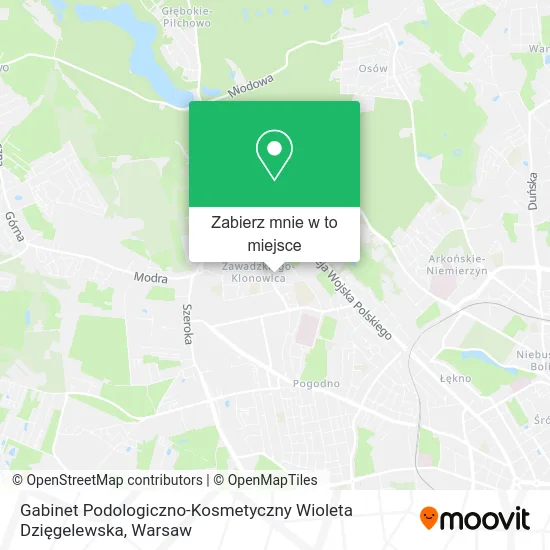 Mapa Gabinet Podologiczno-Kosmetyczny Wioleta Dzięgelewska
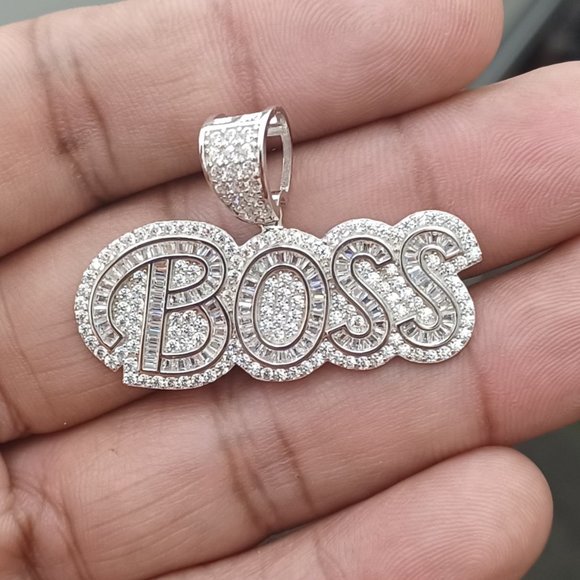 925 Sterling Silver Boss Pendant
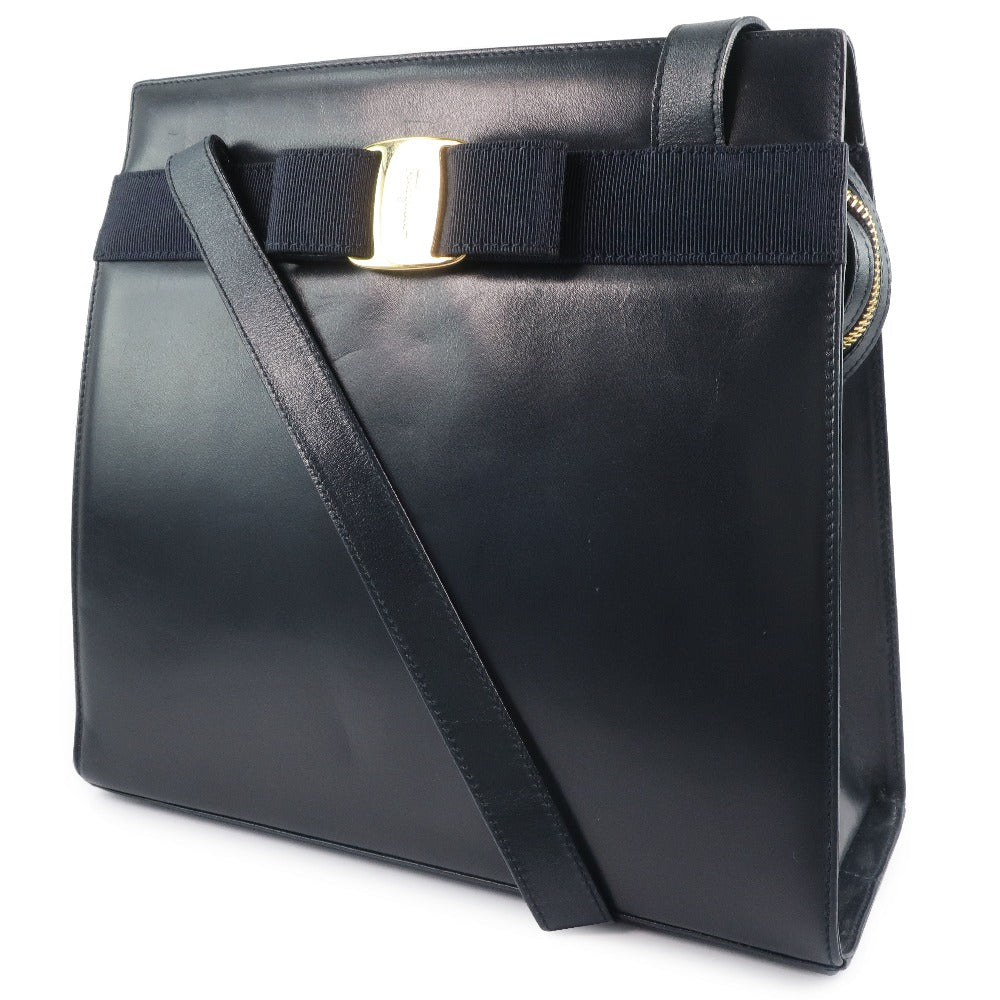 Salvatore Ferragamo Blue Leather Vala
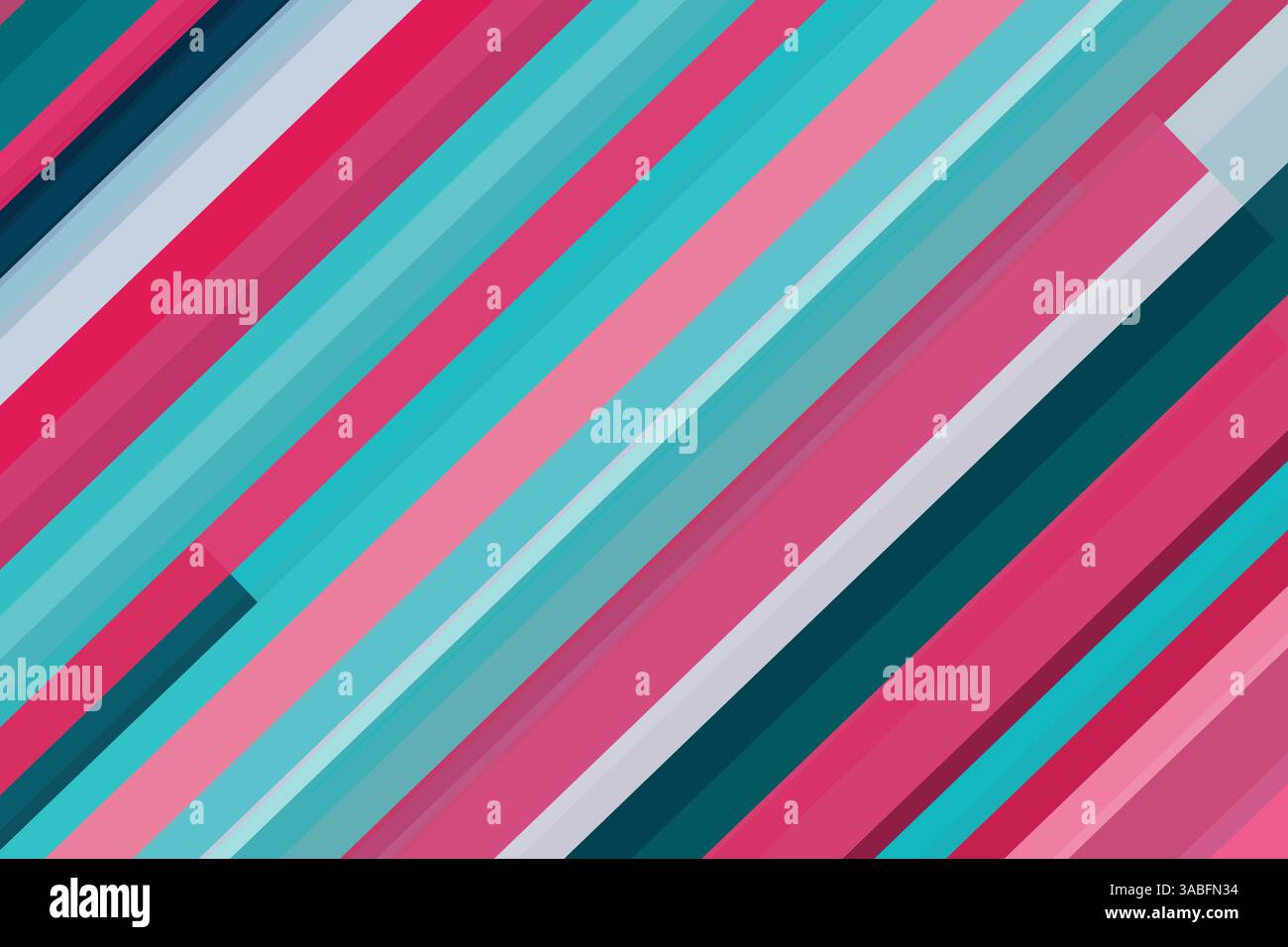 A colorful striped background. A 3d stripes texture. Stock Vector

EXERCISE INSTRUCTIONS: Extract, word for word, each line from the one that contains "Salvatore Ferragamo Blue Leather Vala" through the final line of the data above. Leave the pictures out.

TASK OUTPUT:
 Salvatore Ferragamo Blue Leather Vala
 A colorful striped background. A 3d stripes texture. Stock Vector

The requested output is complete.